## Data
--

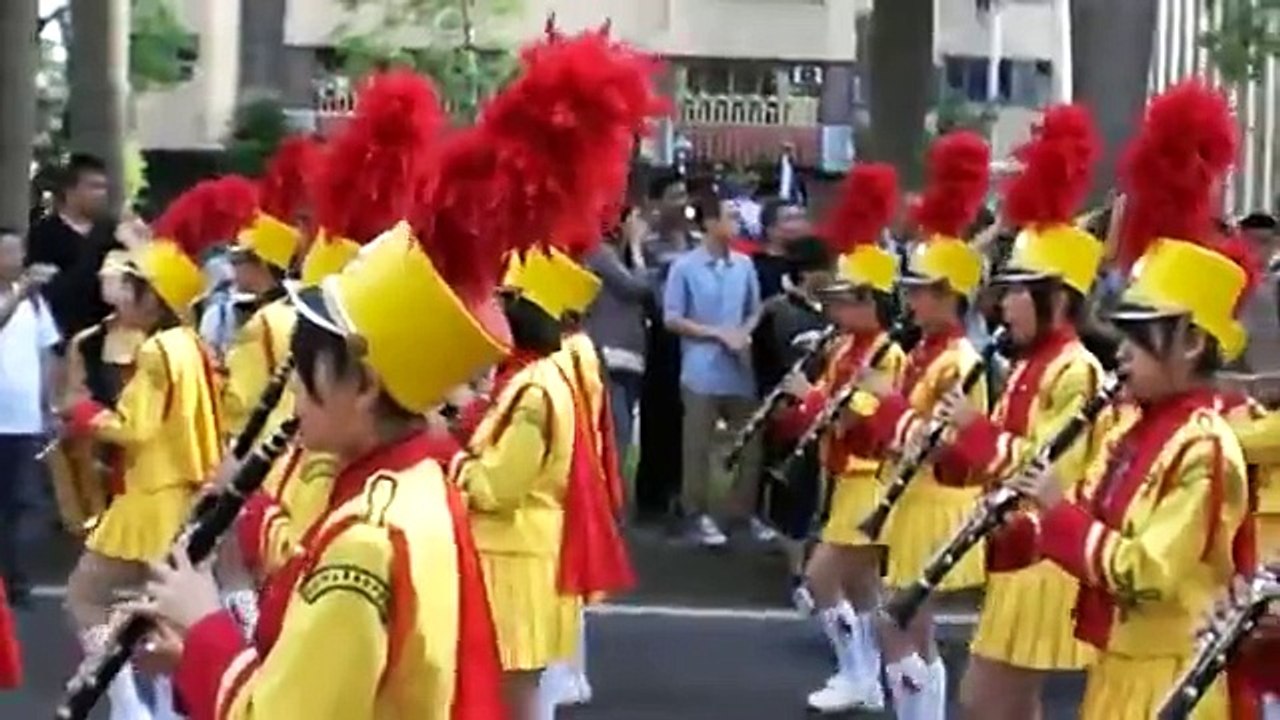 景美女中2
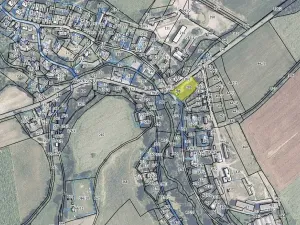 Prodej pozemku pro bydlení, Horní Loděnice, 3243 m2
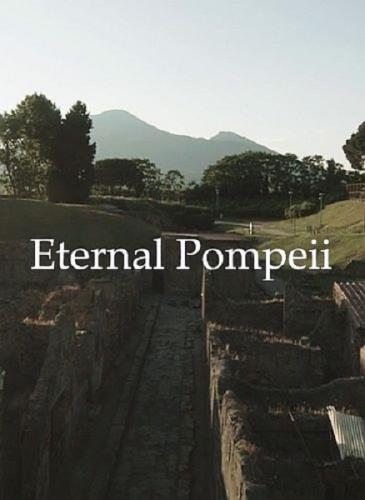 Вечные Помпеи / Помпеи. Город, застывший в вечности / Eternal Pompeii (2019) HDTV 1080i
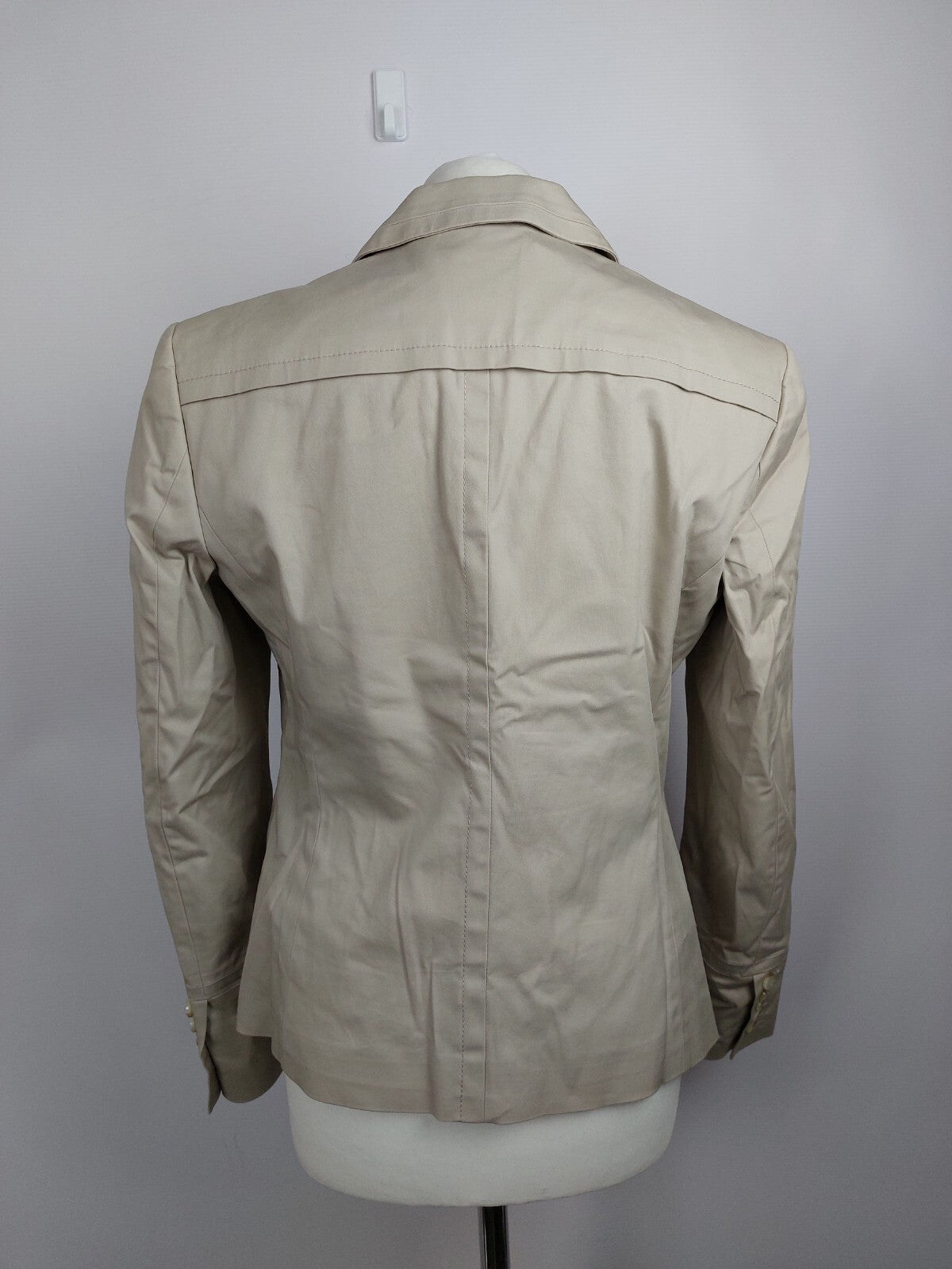 EK4618 Damen Blazer von Esprit, beige, Gr.405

--

## Task details
When you reproduce the data shown above, keep each line exact and omit every picture.

## Solution
 景美女中2
 Prodej pozemku pro bydlení, Horní Loděnice, 3243 m2
 Вечные Помпеи / Помпеи. Город, застывший в вечности / Eternal Pompeii (2019) HDTV 1080i
 EK4618 Damen Blazer von Esprit, beige, Gr.405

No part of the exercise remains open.